3. January 5 marked Dr Neville Staple and Christine’s seventh wedding anniversary. The couple’s recent project, a single titled ‘Be Free Baby’, is an ode to their relationship and ska.
Veteran producer and owner of Pickout Records, Lloyd Dennis.
Veteran producer and owner of Pickout Records, Lloyd Dennis.
Dr Neville Staple and his wife, Christine, connected through ska over 40 years ago.
Dr Neville Staple and his wife, Christine, connected through ska over 40 years ago.
1
2
3
4

For Dr Neville Staple and his wife Christine, ska is an enamoured tale. The two connected through the genre over 40 years ago when Christine was heavily involved in the promotion of musicians and invited the band he performed with to Hackney in East London for a show.

According to Christine, best known by the sobriquet ‘Sugary Staple’, she followed his journey for a while having established her career as a writer, producer and performer in film and music from her early teens.

“As a teenager he was my pin-up; I idolised Neville as a singer and would keep posters of him on my wall. That was from the 1970s. I loved his Jamaican style and I was in a 2-Tone band (2-Tone is a form of music that fuses British punk rock and pop with reggae and ska), so it wasn’t until 30 years later that we linked up,” Sugary Staple shared in a recent interview with The Sunday Gleaner.

She added, “His music was always about uniting and fighting for what’s right; I loved his message, but low and behold, the night of the show I ran away from him.

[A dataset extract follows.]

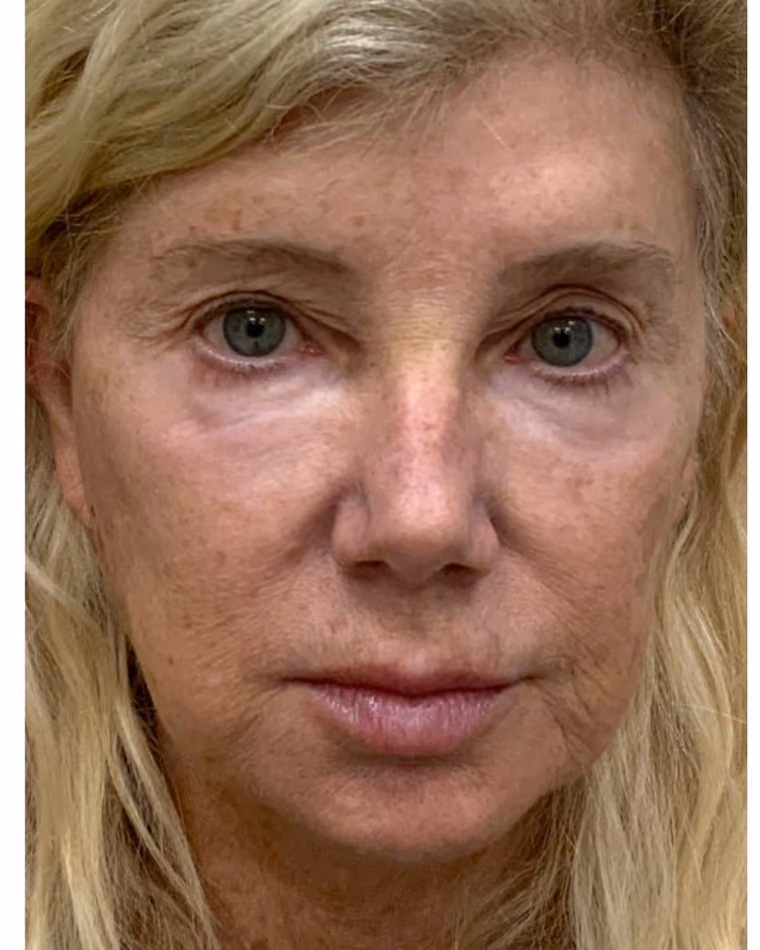 Before Halo and BBL laser treatment for skin discoloration and uneven tone at Cool Springs Plastic Surgery in Nashville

He wanted me to hang out all night, but I was not that type of girl that hangs around pop stars (especially not one who was known widely as the ‘Original Rude Boy’).”

January 4 marked their seventh wedding anniversary and the musician-couple have together celebrated several milestones in their recording career, she said, travelling across Japan, Australia, Europe, Canada, Mexico and Hong Kong, among other destinations.

“In 2019 we celebrated 40 years of hit songs from the start of Neville’s career with The Specials to what we have created with our band From The Specials, including our own version of music which is called 2-Tone Ska because it mixes the traditional, more authentic sounds of the Jamaican genre.”

Staple himself is hailed as a legendary ska performer and musician who revived ska on more than one occasion with hits and albums that have changed the way people view the genre in the UK.

The genre, that evolved in the 1960s with a distinctive rhythm, is the soundtrack of his life, said Staple, who at the age of five went to England, and wasted no time in sharing his passion for ska with his peers in the place that would become his home. He became actively involved in the sound system scene and later became a roadie for one of the leading ska revivalist bands, The Specials when they were called The Coventry, founded by Jerry Dammers, who formed the independent label 2-Tone Records.

“Ska is where I grew up; it told an obvious story of what was happening around people and by 17 years old my knowledge of music spanned many other types of music. It’s just that ska is my specialty and I want to be able to come back home specifically to perform it,” Staple told The Sunday Gleaner.

The couple’s recent project, a collaboration with veteran producer and owner of Pickout Records Lloyd Dennis, a single titled Be Free Baby, is a cadenced ode to their relationship with each other and the genre of ska, which he said can be played freely in any setting.

“It is a song to lift you up, to bring people together and one that just promotes happiness,” the ska legend said. “It’s not a revival but I would love to reawaken the love for the genre in Jamaica and we believe Jamaicans will love it when they see us perform Be Free Baby there.”

Dennis said the song is “about to lift up the label”, adding that Pickout Records, founded in the late 1980s, was responsible for the hit collaboration Cover Me with Ninja Man and Tinga Stewart.

The veteran record producer said there is still a market for ska judging from the pre-release sales; 300 limited edition vinyl were sold off and the requests are still coming in, he said. It is currently available on iTunes.

“Ska gets big attention in the UK but in Jamaica people leave out ska, and that’s not good for a genre that was top in the 1950s and is the precursor to rocksteady and reggae. I want the single to be a reintroduction to the younger generation and I think they will listen to it because it’s a track that deals with love and good, peaceful vibes,” Dennis said.